Hadoop Installation

5 min readEdit on GitHub

Hadoop Installation

Installing WSL, Ubuntu, JDK, Hadoop, and Running Hadoop on Windows 11

(With separate “hadoop” user, simple SSH setup, and nano-based environment setup)

1. Understanding the Basics Before Starting

Before installing anything, you must understand three things: WSL, Linux, and Hadoop.

1.1 What is WSL?

WSL (Windows Subsystem for Linux) allows you to run Linux inside Windows without a virtual machine.
You get a real Linux terminal where you can run commands.

1.2 What is Ubuntu?

Ubuntu is a popular Linux operating system.
WSL installs Ubuntu automatically.

1.3 Why Hadoop needs Linux?

Hadoop is built to run on Linux-based clusters.
Linux provides SSH, permissions, background processes, and directory structures that Hadoop depends on.

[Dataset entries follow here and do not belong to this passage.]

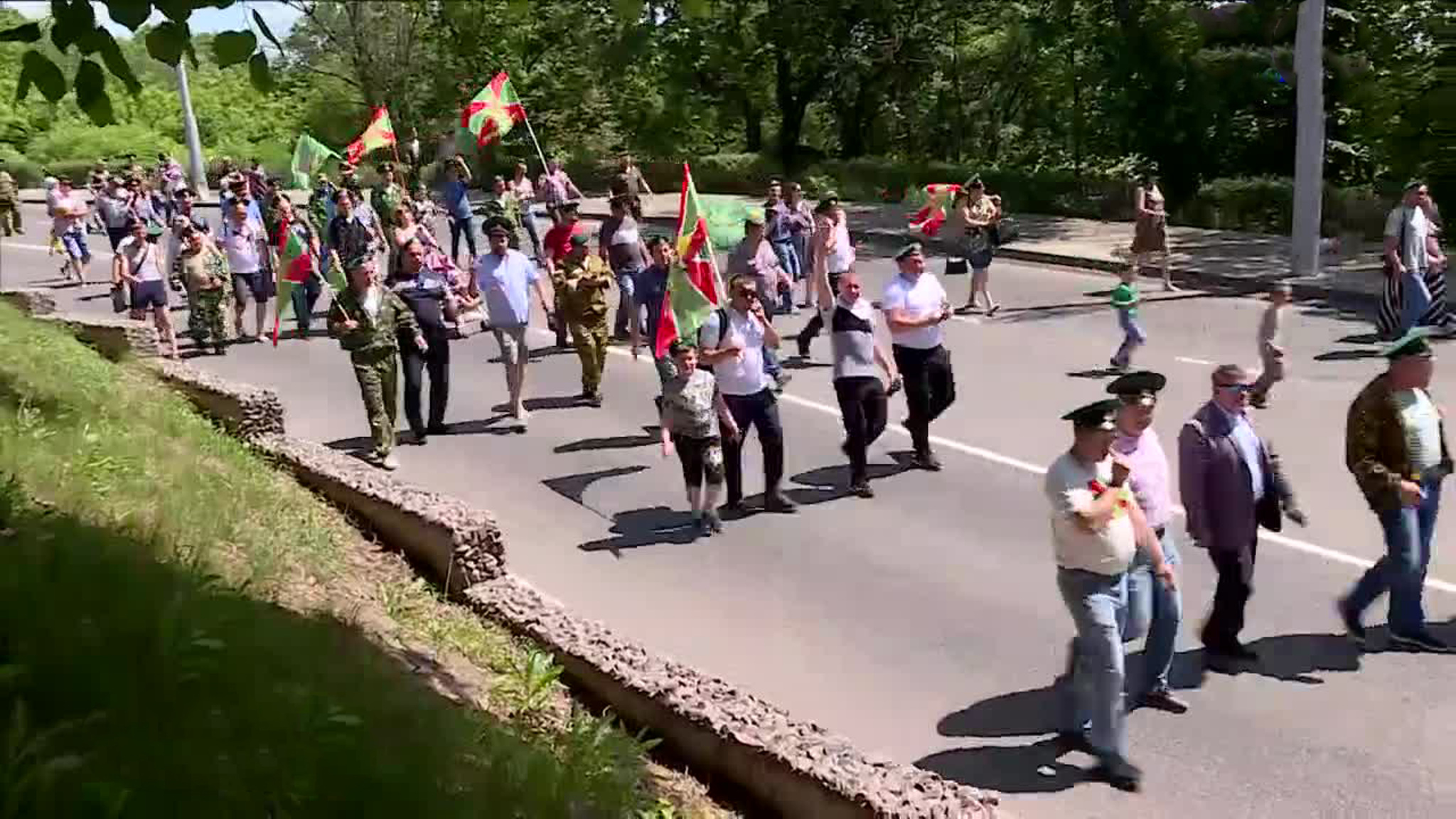 Липецкие пограничники прошли колонной по центру города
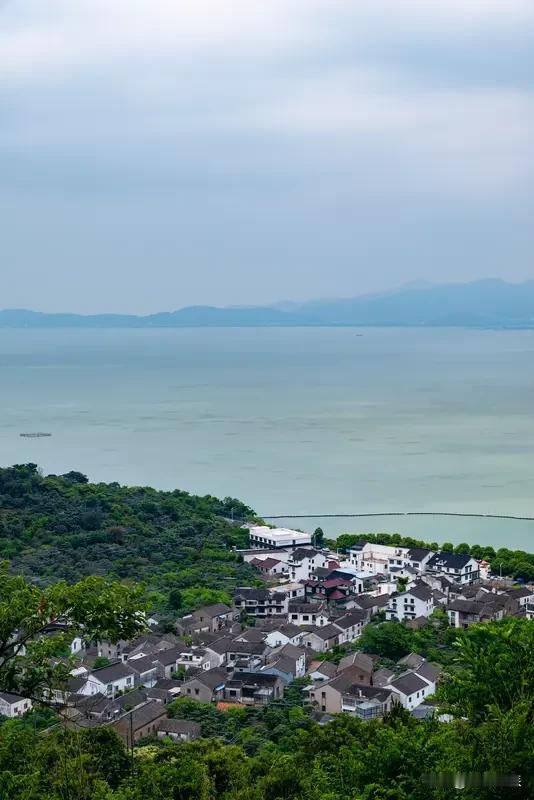 千岛湖和太湖,哪个好玩一些呢? 千岛湖和太湖各有各的好玩之处。
千岛湖有1078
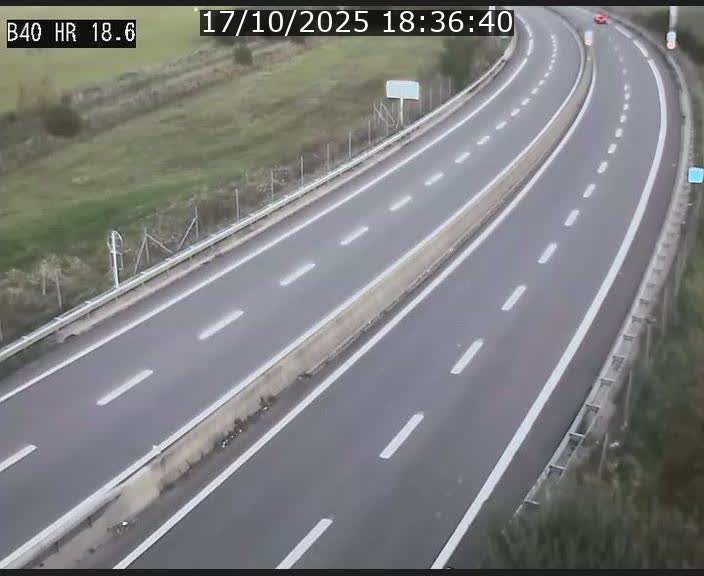 <h2>Webcam sur la route de liaison entre Micheville et Esch-Belval à la frontière entre le Luxembourg et la France. Vue orientée vers la Lorraine.</h2>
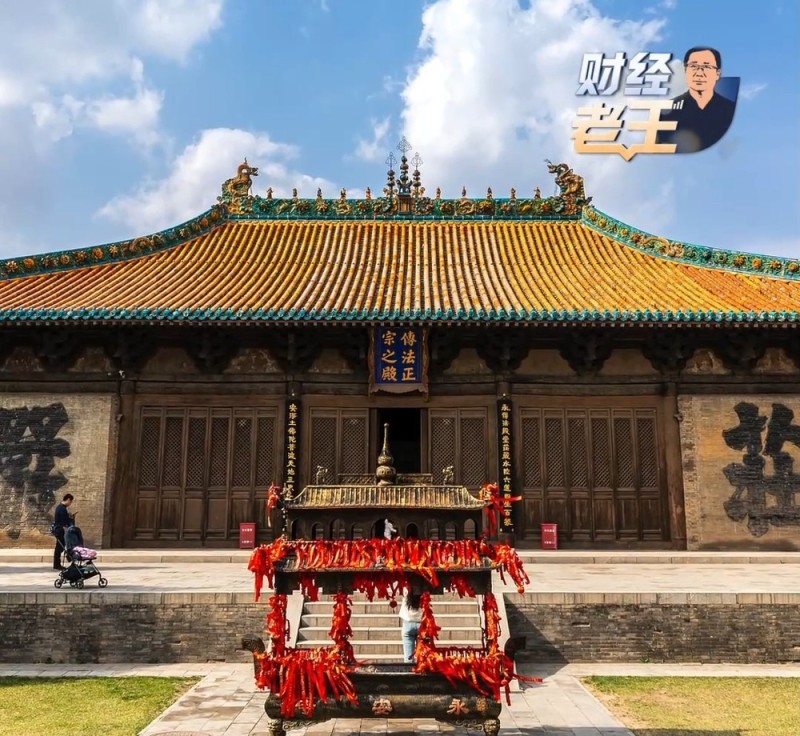 财经老王丨暑期档火爆：票房之外的惊喜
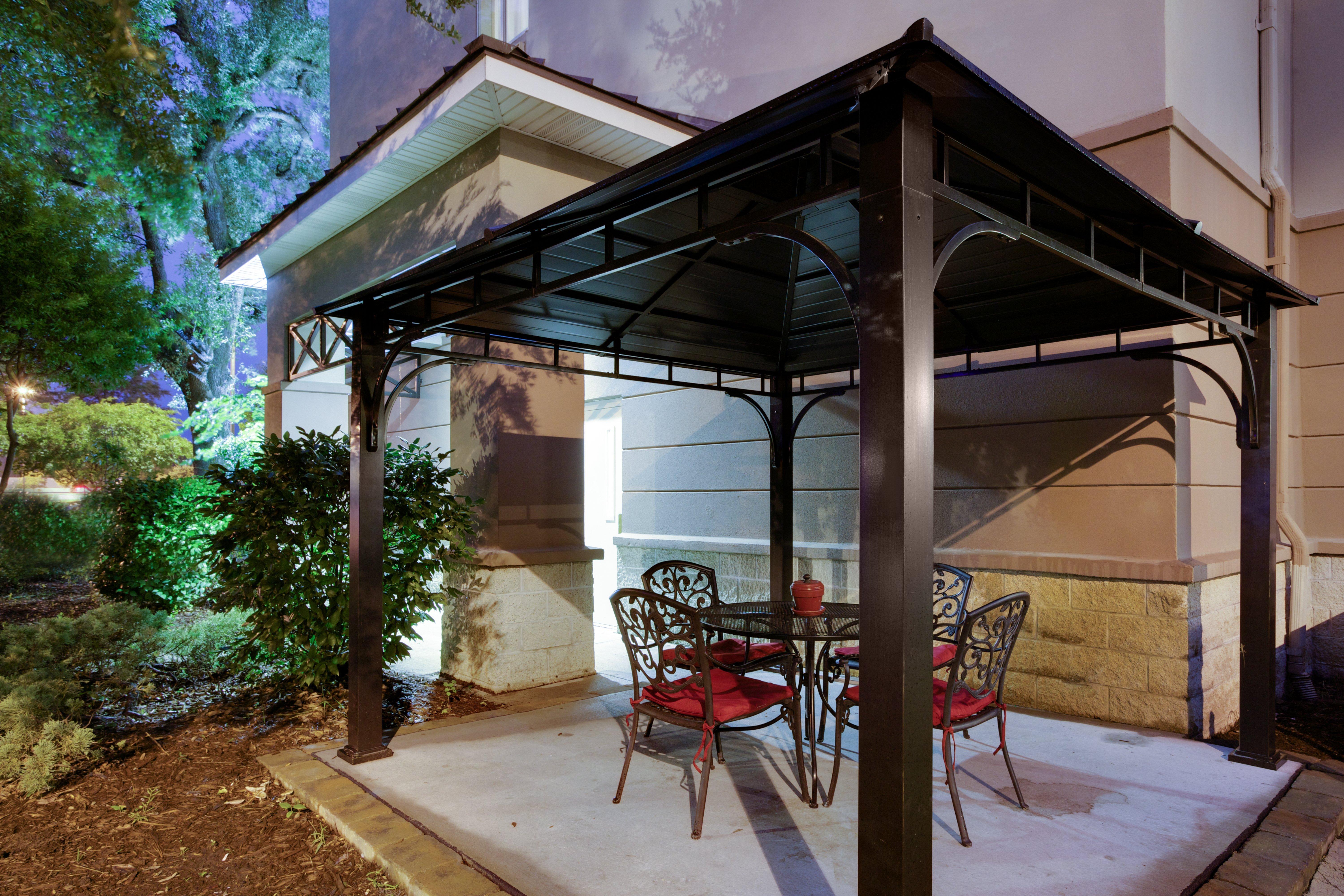 Holiday Inn Express Hotel & Suites Charleston-Ashley Phosphate By Ihg North Charleston Exterior photo
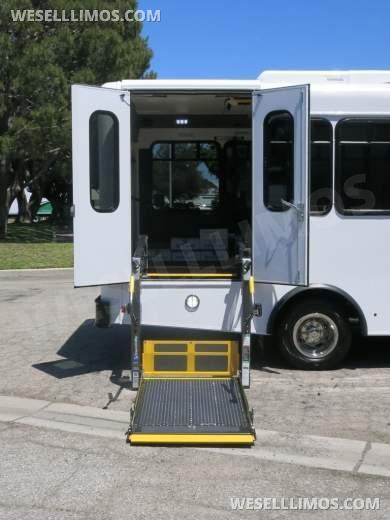 2026 Endera Motors Ford E-450 Super Duty ADA Passenger Bus Shuttle Bus - Shuttle Bus for Sale in CARSON, CA - Photo 17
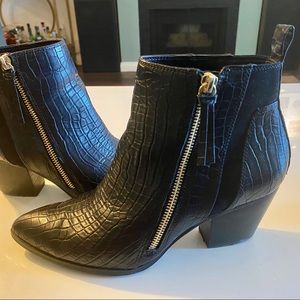 Bella Vita Embossed Croc Black ankle Booties 7w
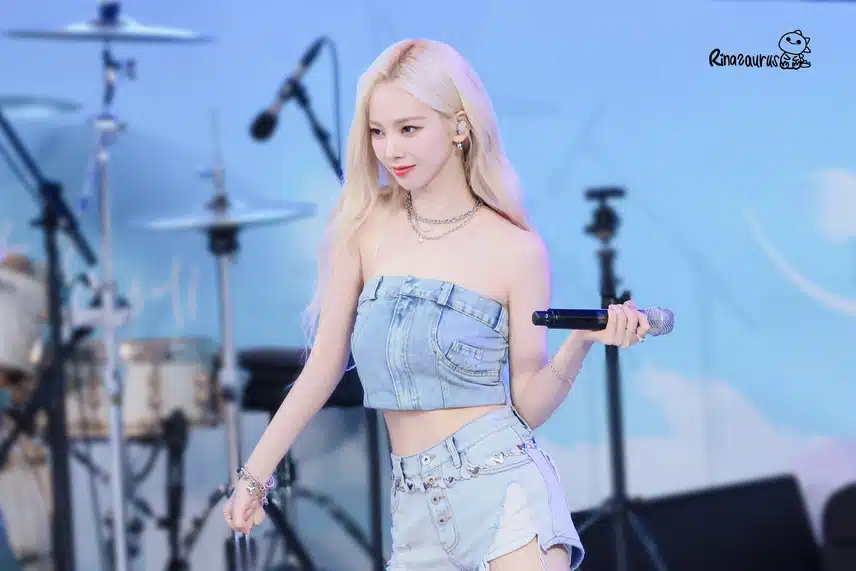 연세대 아카라카 축제만 가면 레전드 찍은 카리나 jpg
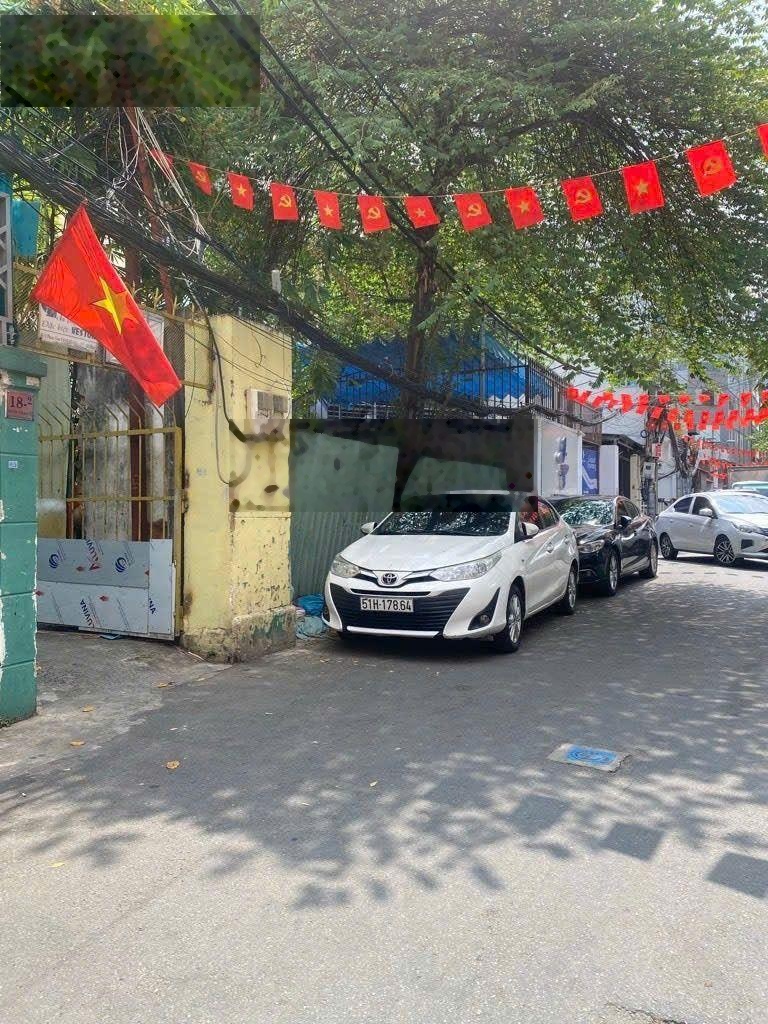 Nhà 2 tầng đường phan tôn quận 1 đakao chỉ 6 tỷ, sổ hồng riêng hoàn công đủ, đang cho thuê 15tr/thá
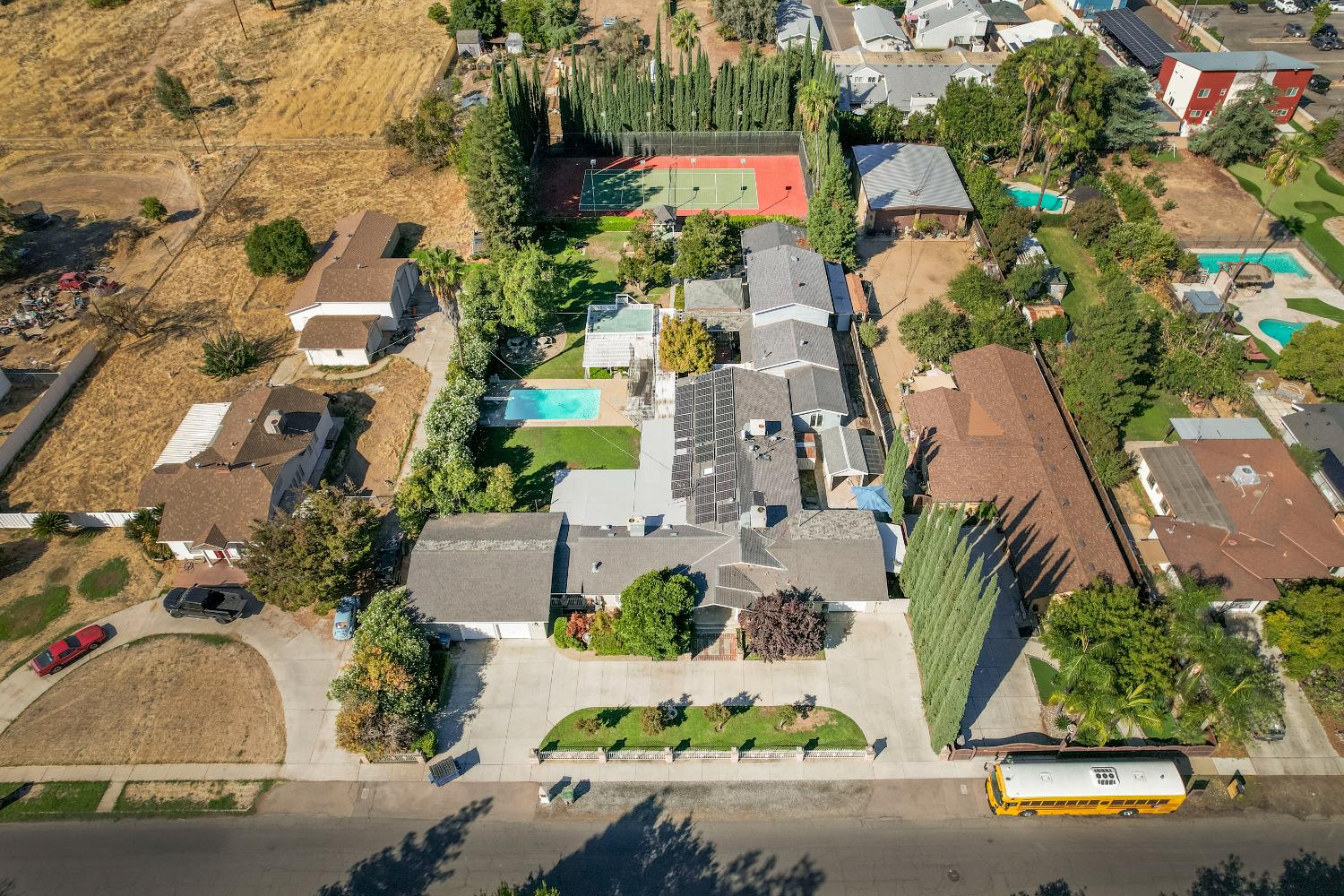 4895 N Thorne Ave, Fresno, CA 93704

2. Install WSL on Windows 11

Step 1: Open PowerShell as Administrator

Search “PowerShell”, right-click → Run as Administrator.

Step 2: Install WSL

hljs powershell
wsl --install
This installs WSL + Ubuntu.
Restart if required.

Step 3: Open Ubuntu

Search “Ubuntu” in Start → open.
It will ask for a Linux username and password.
This is your Linux environment.

3. Learn Basic Linux Commands (Beginner-Friendly)

hljs bash
pwd # shows current directory
ls # lists files
cd dir # go into folder
cd .. # go back one folder
mkdir a # create folder
rm f # delete file
sudo # run command as admin
Enough to follow this guide.

4. Update Ubuntu

hljs bash
sudo apt update
sudo apt upgrade -y

5. Install Required Tools

hljs bash
sudo apt install -y wget curl vim unzip rsync
Explanation:
  • wget → download files
  • curl → send/receive data
  • vim → text editor
  • unzip → extract files
  • ssh → required by Hadoop
  • rsync → used internally by Hadoop

6. Install JDK (Java Development Kit)

Hadoop requires Java.
Install Java 11:
hljs bash
sudo apt install -y default-jdk
Check Java:
hljs bash
java -version
Find JAVA_HOME:
hljs bash
readlink -f $(which java) | sed "s:bin/java::"
You will get something like:
text
/usr/lib/jvm/java-11-openjdk-amd64/
Copy this path (you will paste it in .bashrc later).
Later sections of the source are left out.